A perspectiva de Beck (2002) torna-se importante para compreender o objeto de pesquisa deste projeto, o que fica evidente com a ênfase que coloca na necessidade de entender a questão ambiental de uma forma multidimensional, ou seja, em suas dimensões global, local e pessoal. Deste modo, o autor enxerga o indivíduo e a vida cotidiana como esferas para a emergência de novos conflitos e ações políticas por meio de uma abordagem que considera a crise ambiental e as incertezas por ela geradas como um caminho para reconsiderar as práticas institucionais que produziram esta crise.

REFERÊNCIA:
CASTAÑEDA, Marcelo.
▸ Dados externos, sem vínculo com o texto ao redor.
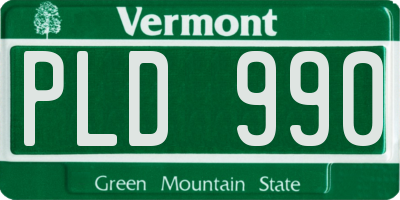 VT license plate PLD990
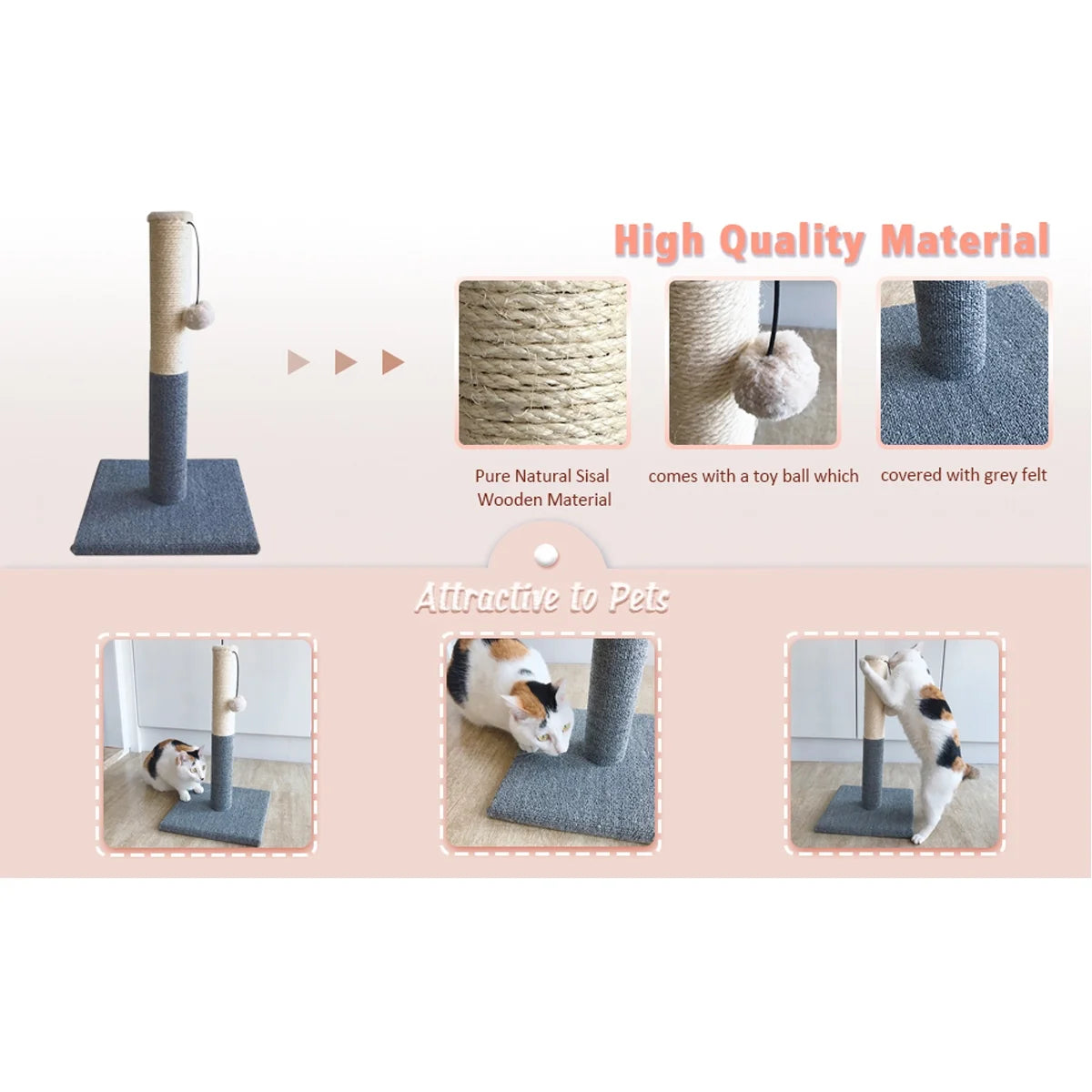 20-Inch Cat Scratching Post with Sisal Toy Board and Pad for Indoor Cats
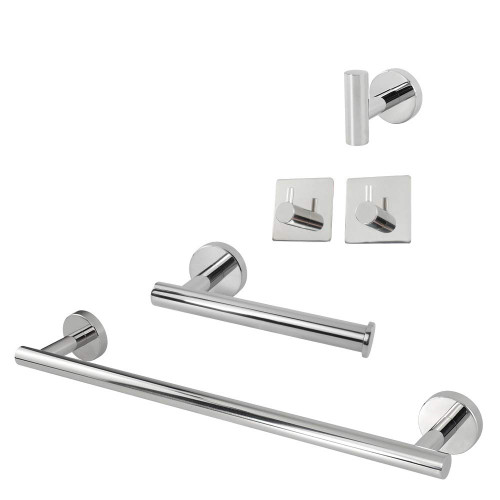 TocTen 5 PCS Bathroom Hardware Set SUS304 Stainless Steel-Towel Rack Set Include Lengthen Hand Towel Bar+Toilet Paper Holder+3 Robe Towel Hooks Bathroom Accessories Towel Bar Set (Chrome, 16IN)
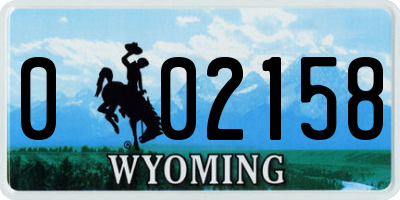 WY license plate 002158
Ambientalização e politização da vida cotidiana: uma etnografia do engajamento em práticas de consumo de alimentos orgânicos. Projeto de mestrado, qualificado em maio de 2009, CPDA/UFRuralRJ.
BECK, U. A reinvenção da política: rumo a uma teoria da modernização reflexiva. In: GIDDENS, A. et ali. Modernização reflexiva: política, tradição e estética na ordem social moderna. São Paulo: Universidade Estadual Paulista, 1997, pp. 11-71.
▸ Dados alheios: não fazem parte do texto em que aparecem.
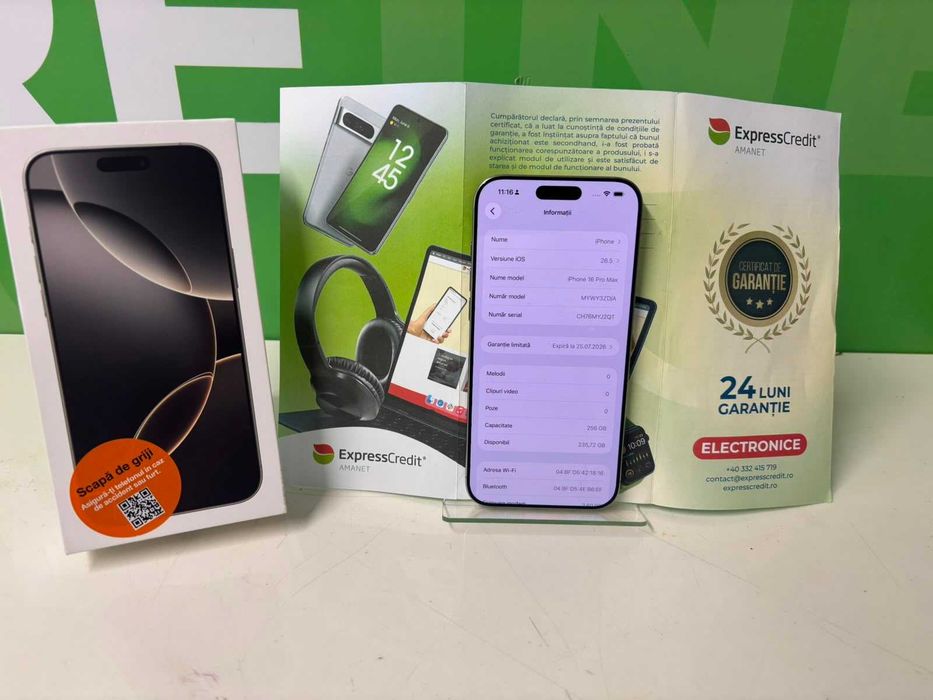 iPhone 16 Pro Max 256gb 100% Bateria (B.61713-Tatarasi) Garantie 2 ani!
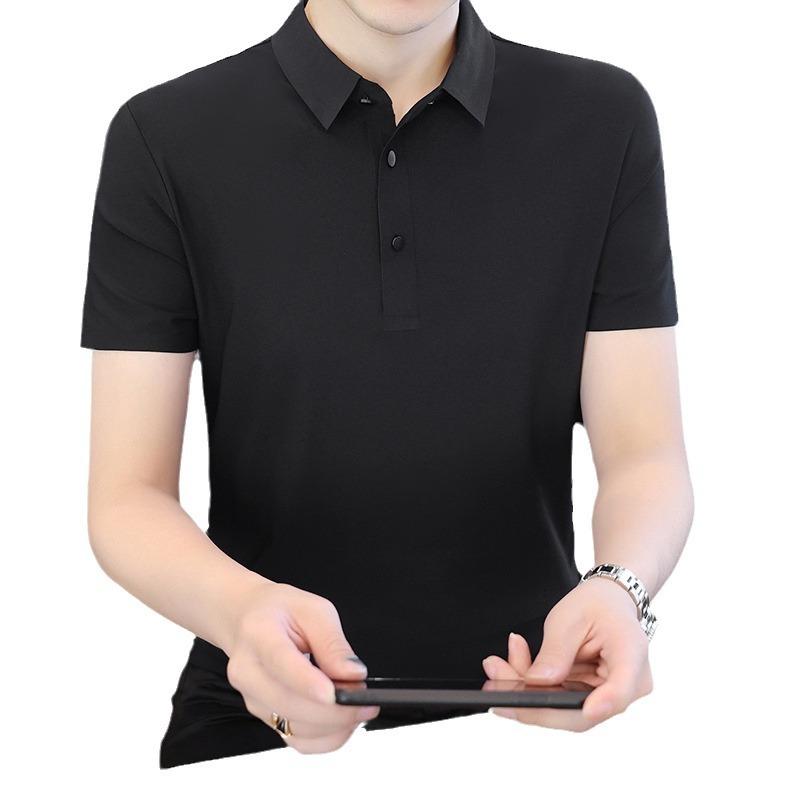 Trendy Ice Silk Short-Sleeved Polo Shirt, Men'S High-End Fashion Brand Lapel T-Shirt, Summer Dress Thin Top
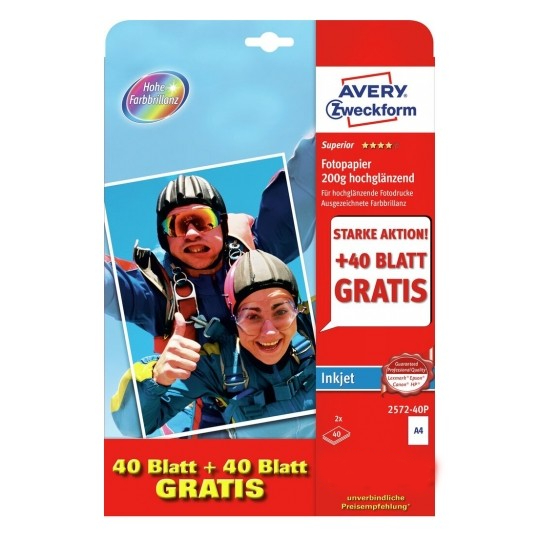 Avery Photo Paper Inkjet A4 - 40 Sheets + 40 Free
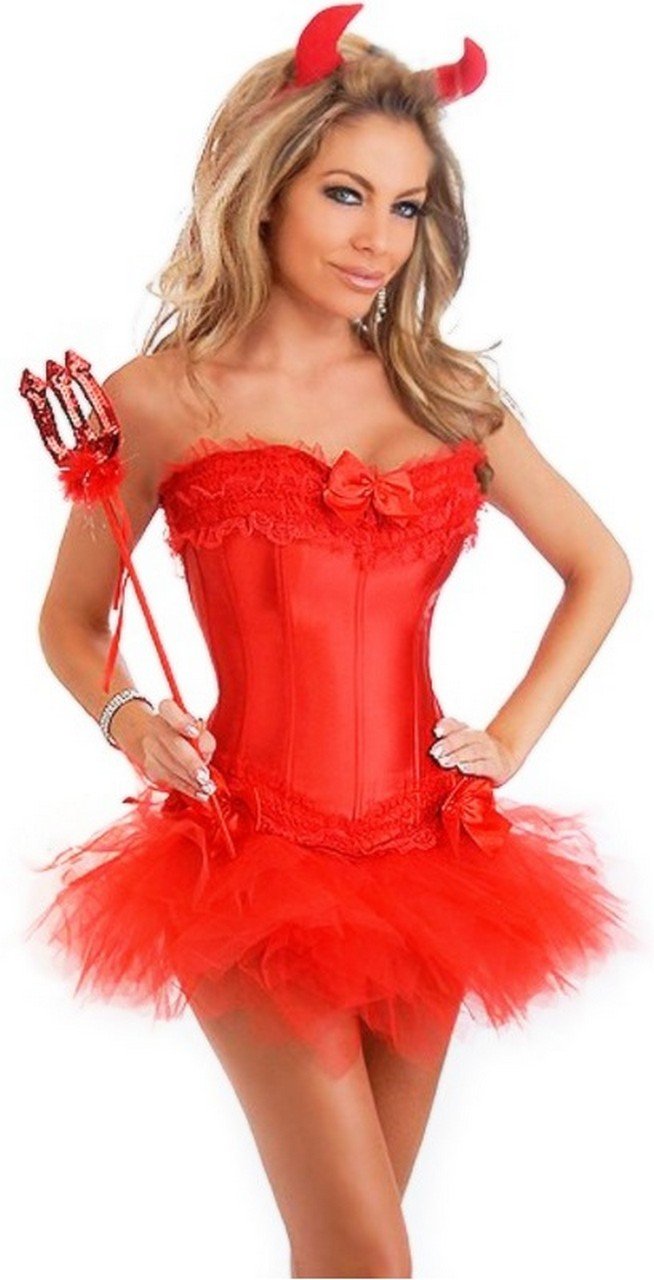 Sexy Devil Women's Costume Set - 4 Piece Daisy Corset Outfit for Halloween, Cosplay & Boudoir Photography | Plus Size Lingerie & Role Play Costume for Women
____. La sociedad del risco global. Madrid: Sieglo XXI de Espana Editores S.A., 2002. 
GIDDENS, A. As conseqüências da modernidade. São Paulo: UNESP, 1991. 
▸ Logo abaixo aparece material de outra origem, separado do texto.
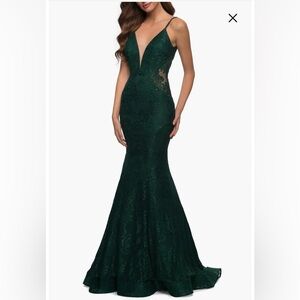 La Femme Long Mermaid Lace Dress with Back Rhinestone Detail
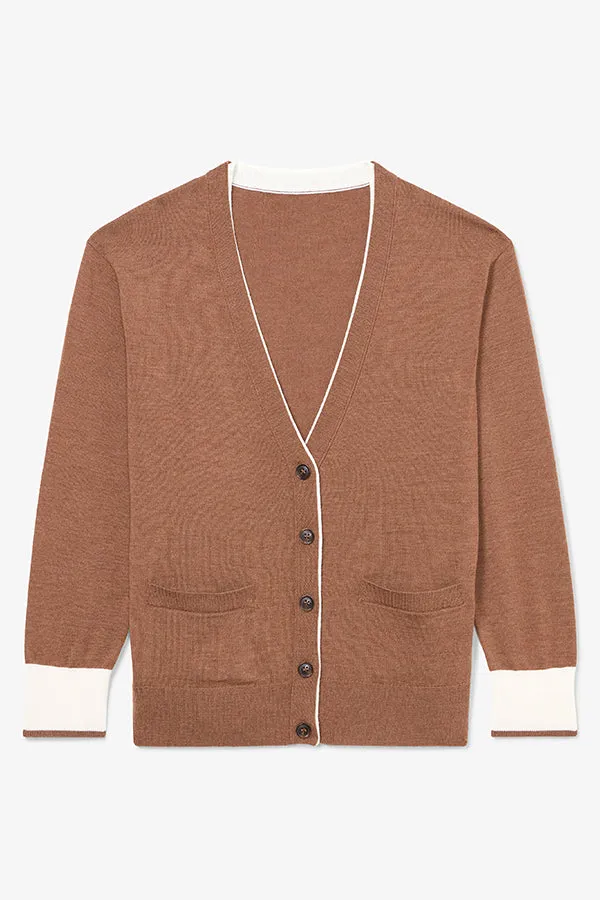 Cookie Cardigan - Merino :: Camel/Ivory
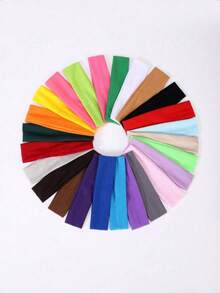 10pcs Colorful Sports Yoga Headbands, Suitable For Workout Sweat-Absorbing Wear Vacay Hair Accessories - Multicolor - View 1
[1] A globalidade do risco não significa uma igualdade global do risco. Beck (2002, p. 8) destaca, como uma “primeira lei dos riscos do meio ambiente”, que “a contaminação segue o mais pobre”. A intensificação da pobreza, ao longo da década de 1990, com o aumento da distância entre ricos e pobres e da quantidade de pessoas pobres, é associada pelo autor à imposição das políticas de livre mercado aos países endividados, obrigando-os a desenvolver indústrias que abastecem as parcelas abastadas ao invés de proteger, educar e cuidar dos mais pobres.
[2] Em uma perspectiva de reflexão institucional (GIDDENS, 1991), as incertezas fabricadas surgem como uma mistura de risco, conhecimento e desconhecimento e reflexividade, configurando um novo tipo de risco. Ao tratar de riscos não-seguráveis, Beck (2002) destaca que a sociedade moderna aborda as incertezas fabricadas auto-geradas por meio de uma distinção entre (1) riscos que dependem de decisões e podem ser controlados e (2) perigos que escaparam ou neutralizaram os requisitos de controle da sociedade industrial, tanto (a) falhas das normas e instituições da sociedade industrial, como, por exemplo, quando os seguros são desprezados por setores que não tem acesso a ele; quanto (b) o modelo de decisões da sociedade industrial e a globalidade de suas conseqüências agregadas, ao identificar normas e irresponsabilidade organizada, em um movimento circular entre a normalização simbólica e as ameaças permanentes e de destruição material.
[3] Beck (2002) destaca, como exemplo, a impossibilidade de superação financeira dos danos com milhões de desempregados e pobres ou de um seguro contra a recessão global ou a catástrofe ecológica. Por outro lado, as conseqüências sociais dos riscos financeiros globais compreendem mudanças culturais e políticas que solapam as burocracias, desafiam o domínio da economia clássica e do neoliberalismo e proporcionam um redimensionamento das fronteiras e frentes de batalha da política contemporânea.